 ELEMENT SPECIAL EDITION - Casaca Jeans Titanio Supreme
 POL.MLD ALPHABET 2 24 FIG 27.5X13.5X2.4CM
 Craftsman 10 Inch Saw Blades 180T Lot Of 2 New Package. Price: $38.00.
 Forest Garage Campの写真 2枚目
--
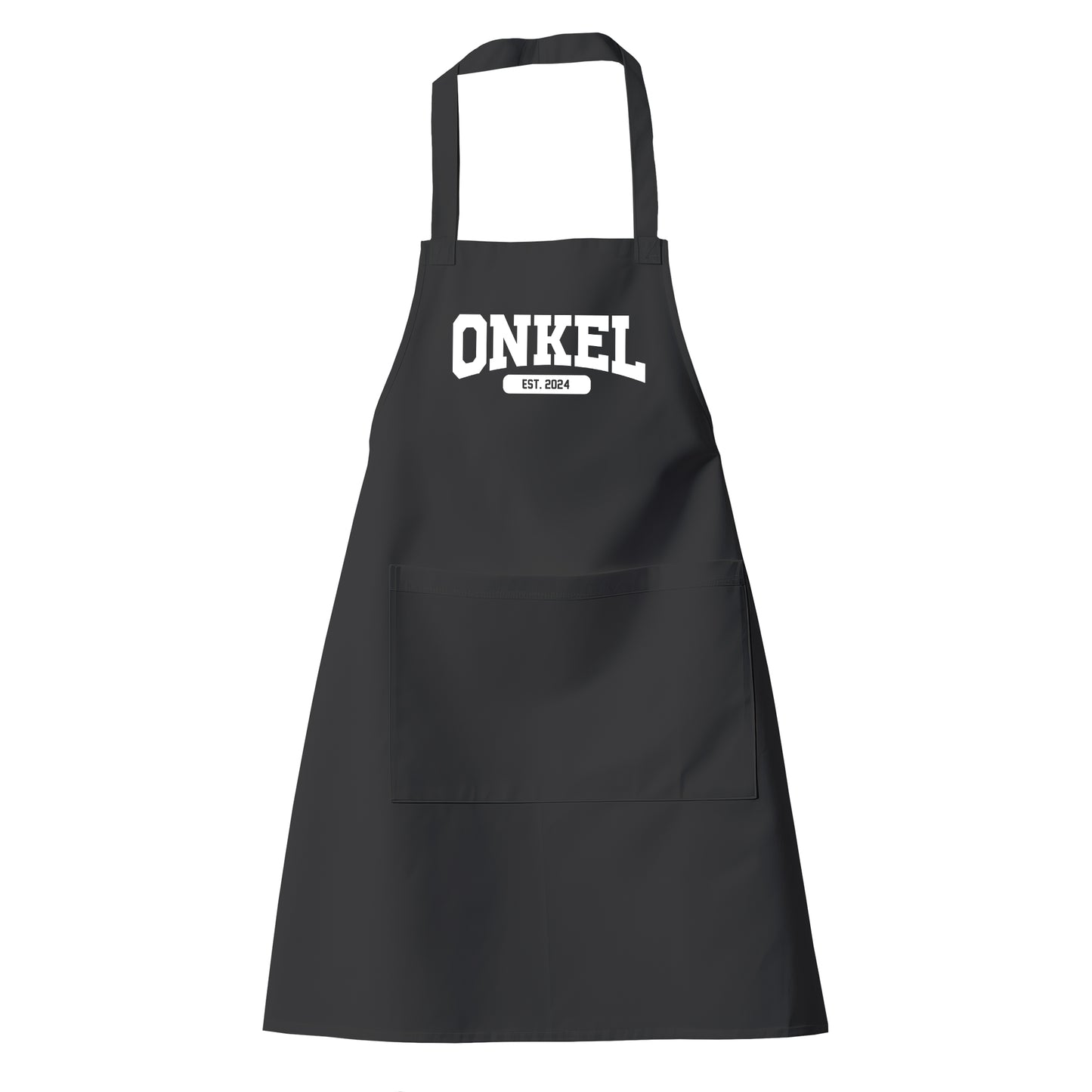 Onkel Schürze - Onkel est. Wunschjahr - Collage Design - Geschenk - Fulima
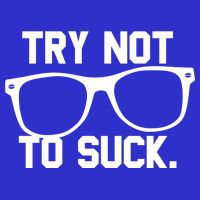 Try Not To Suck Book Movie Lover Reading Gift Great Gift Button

-- WORK INSTRUCTIONS --
Within the material above, the line with "Craftsman 10 Inch" opens the range and the line with "Forest Garage Campの写真 2枚目" closes it; reproduce that range word for word.

-- RESPONSE FOR THIS EXERCISE --
 Craftsman 10 Inch Saw Blades 180T Lot Of 2 New Package. Price: $38.00.
 Forest Garage Campの写真 2枚目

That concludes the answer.